Popular Posts
A lot has been written over the past few weeks about the U.S. bond market. Expectations are for interest rates to rise and bond prices to fall.
That would not be surprising. Interest rates have been kept artificially low for a number of years by the Federal Reserve. It would be normal for the Fed to seek to unwind such an unusual policy.
The monetary authority, in fact, has talked about doing so for many months. Only recently, however, have the fundamentals of the economy suggested that action is imminent.
So what happens next? If you own a lot of very long-dated U.S. Treasury debt, a rising interest rate environment creates the risk that you will lose money.
As rates rise, bond prices fall. You could choose to hold that bond to maturity, but it’s very likely that inflation will grow faster than the coupon pays to own those bonds. That’s why their face value will decline; the lower price compensates for lost real income.
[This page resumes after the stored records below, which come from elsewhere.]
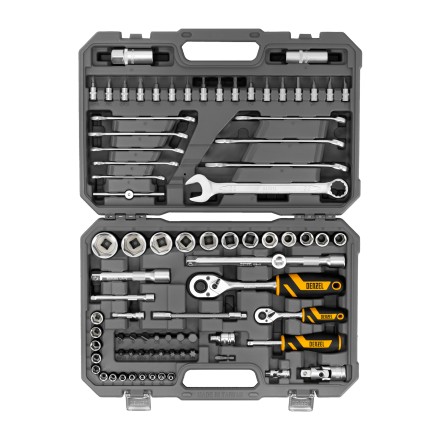 Набор инструментов Denzel, 1/2&quot;, 1/4&quot;, CrV, S2, пластиковый кейс, 82 предмета 15809 купить в Уфе
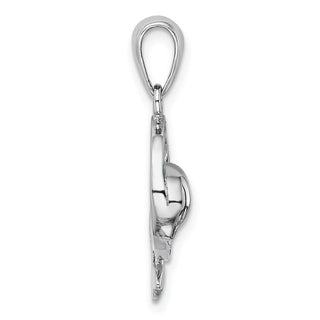Sterling Silver Rhodium-Plated Blue Inlay Lab-Created Opal Dolphin Pendant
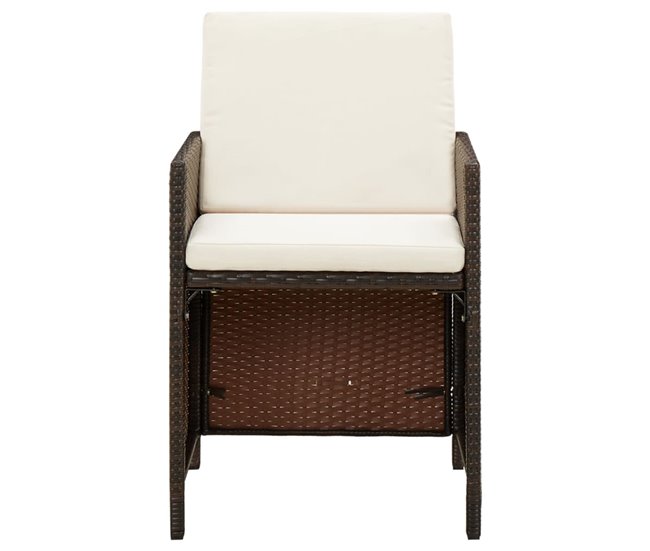 Conforama Sillas De Jardin Con Cojines 4 Unidades Ratán Sintético Marrón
But that isn’t really the big problem in most people’s portfolios. The typical long-term investor has bonds, but often that’s through a bond mutual fund or a bond index fund.
Those products are designed to price in the risk of a change in interest rates. A prudent bond fund is more likely to own shorter maturity bonds and will buy the longer bonds as rates go higher.
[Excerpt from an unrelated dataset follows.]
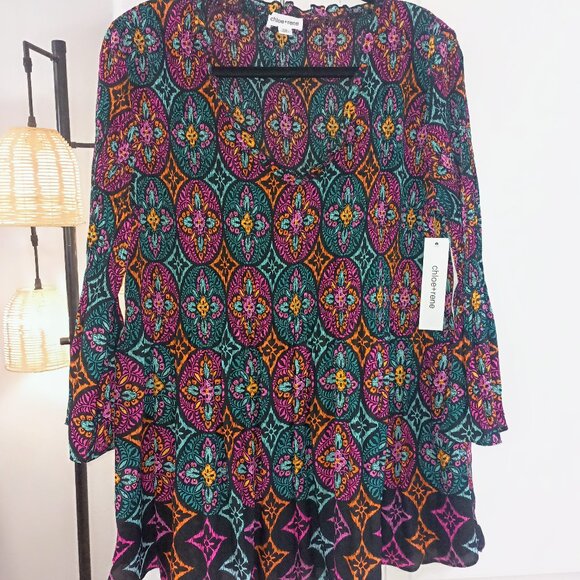 CHLOE + RENE Women's Top with a Multicolored Bohemian Pattern. Plus Size 2X - Picture 1 of 6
A bond index fund is designed to replicate an index, so it automatically adjusts to the new reality over time. Short of a market dislocation, such as an overnight crash, the risks are minimized.
No, the problem for most long-term investors is not bonds but cash. They own too much of it!
A recent Prudential Investments survey found that both retirees and pre-retirees hold portfolios that are about 40% stocks, about 20% bonds and the balance in cash.
Having a portfolio that’s 40% cash is massive risk, and here’s why: You need investments to beat inflation.
Generally speaking, that means you need to own stocks. Over the long haul, you can expect the stock market to return about twice the rate of inflation on your invested cash.
That happens largely because corporations must beat inflation to stay in business. It helps, too, that most investors reinvest all dividends, which creates free cash inside the portfolio above and beyond contributions by the saver.
Cash is powerful in a portfolio but not if it’s not invested. If it’s just cash, then it’s losing value every day to inflation.
That means that your other investments must do much better to even keep up with the declining purchasing power of your savings.
In turn, the pressure to “win” bigger with your stock and bonds investments can lead to bad choices. Falling behind the benchmarks triggers emotional behavior and desperate trading that does not improve outcomes.
All of this activity costs money, too. Good for Wall Street. Bad for your retirement.
The better course is to make sure that you are prudently and appropriately invested for your long-term goals and to keep trading to a minimum, just rebalancing as needed, using low-cost index funds to invest.